**TASK INSTRUCTIONS**
The entire listing, reproduced exactly and stripped of images, is the expected output.

· · · · · · ·

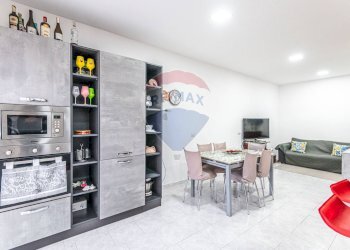 Sala da pranzo - Quadrilocale Via Giacomo Leopardi
 
12, Caltagirone - foto 23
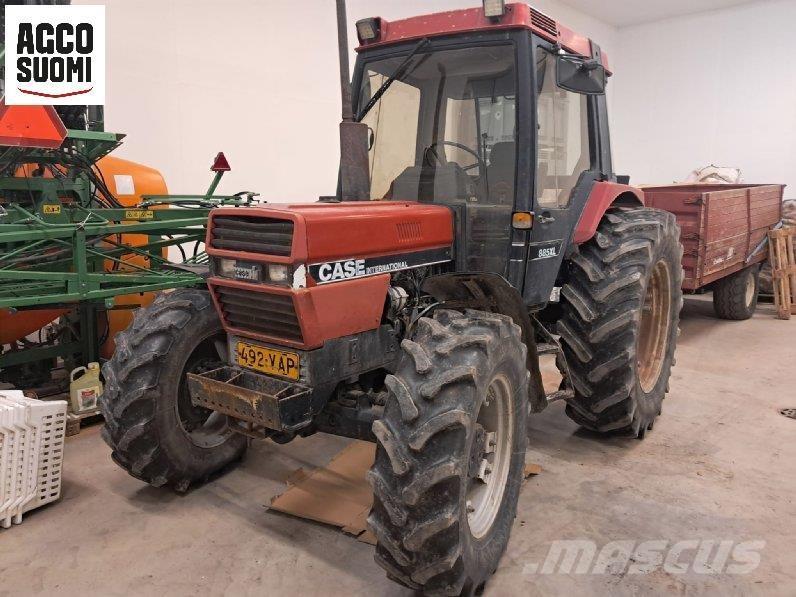 Case IH 885 XL Traktorit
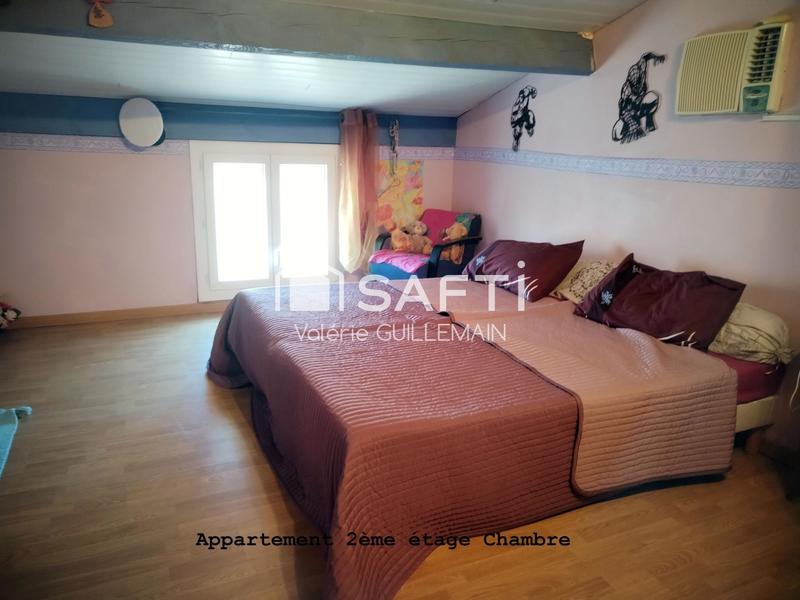 Maison - 200 m² - 5 pièces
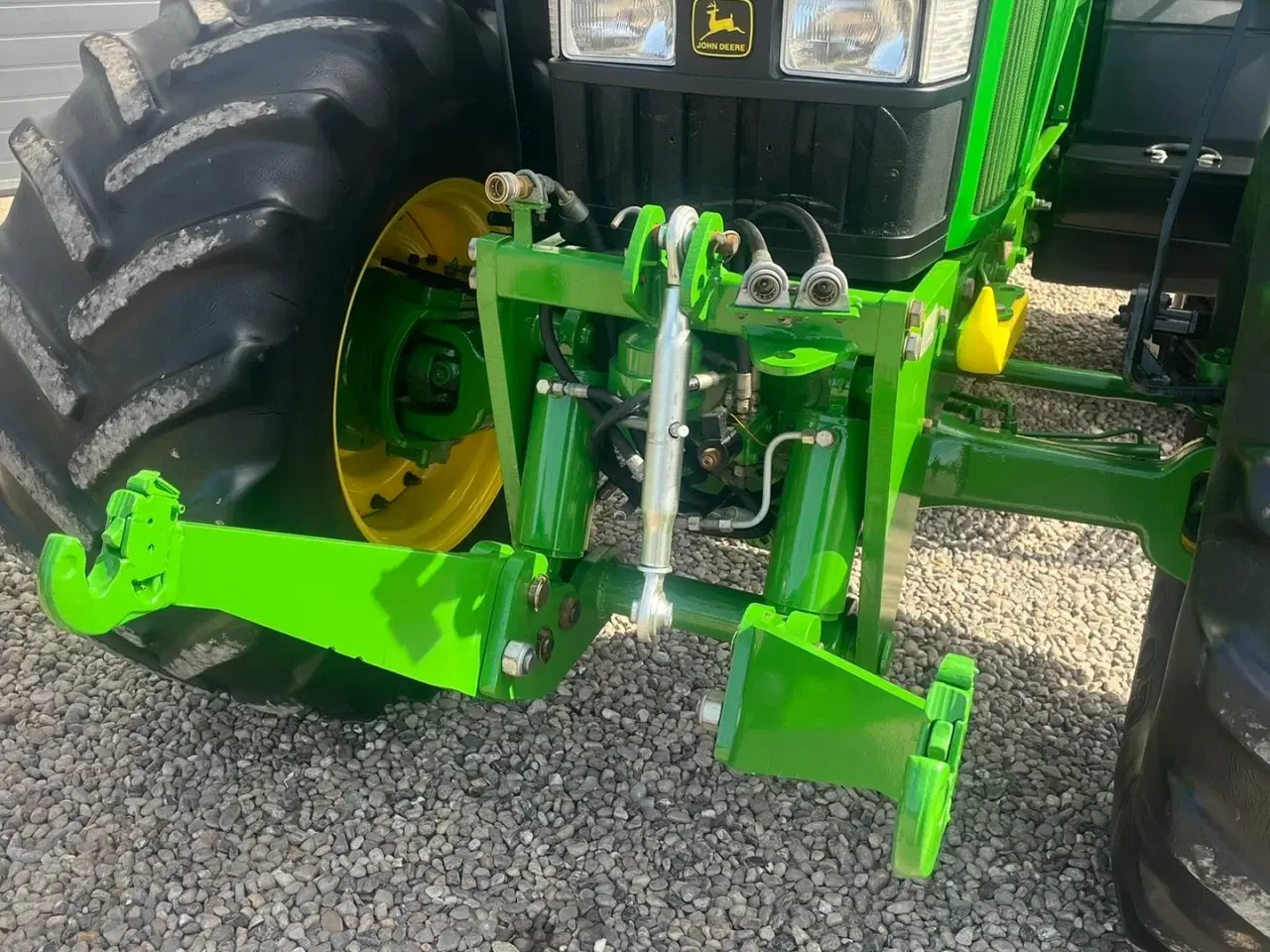 Billede 4 - John Deere 7710 8.1L motor, store hjul og frontlift. En ejeres velholdt gård traktor.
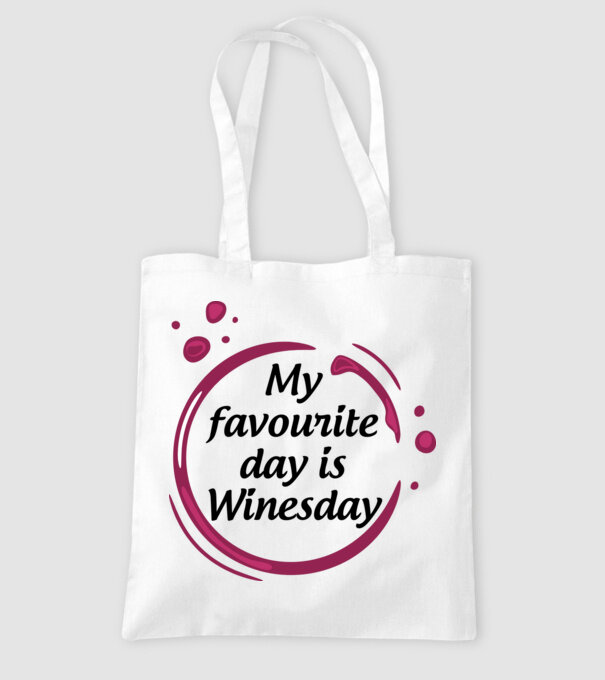 my favourite day is winesday minta fehér pólón
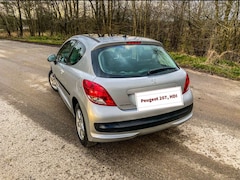 Bild des Angebotes Peugeot 207 CC FAP 110 Blue Lion JBL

· · · · · · ·

**RESULT BELOW**
 Sala da pranzo - Quadrilocale Via Giacomo Leopardi
 
12, Caltagirone - foto 23
 Case IH 885 XL Traktorit
 Maison - 200 m² - 5 pièces
 Billede 4 - John Deere 7710 8.1L motor, store hjul og frontlift. En ejeres velholdt gård traktor.
 my favourite day is winesday minta fehér pólón
 Bild des Angebotes Peugeot 207 CC FAP 110 Blue Lion JBL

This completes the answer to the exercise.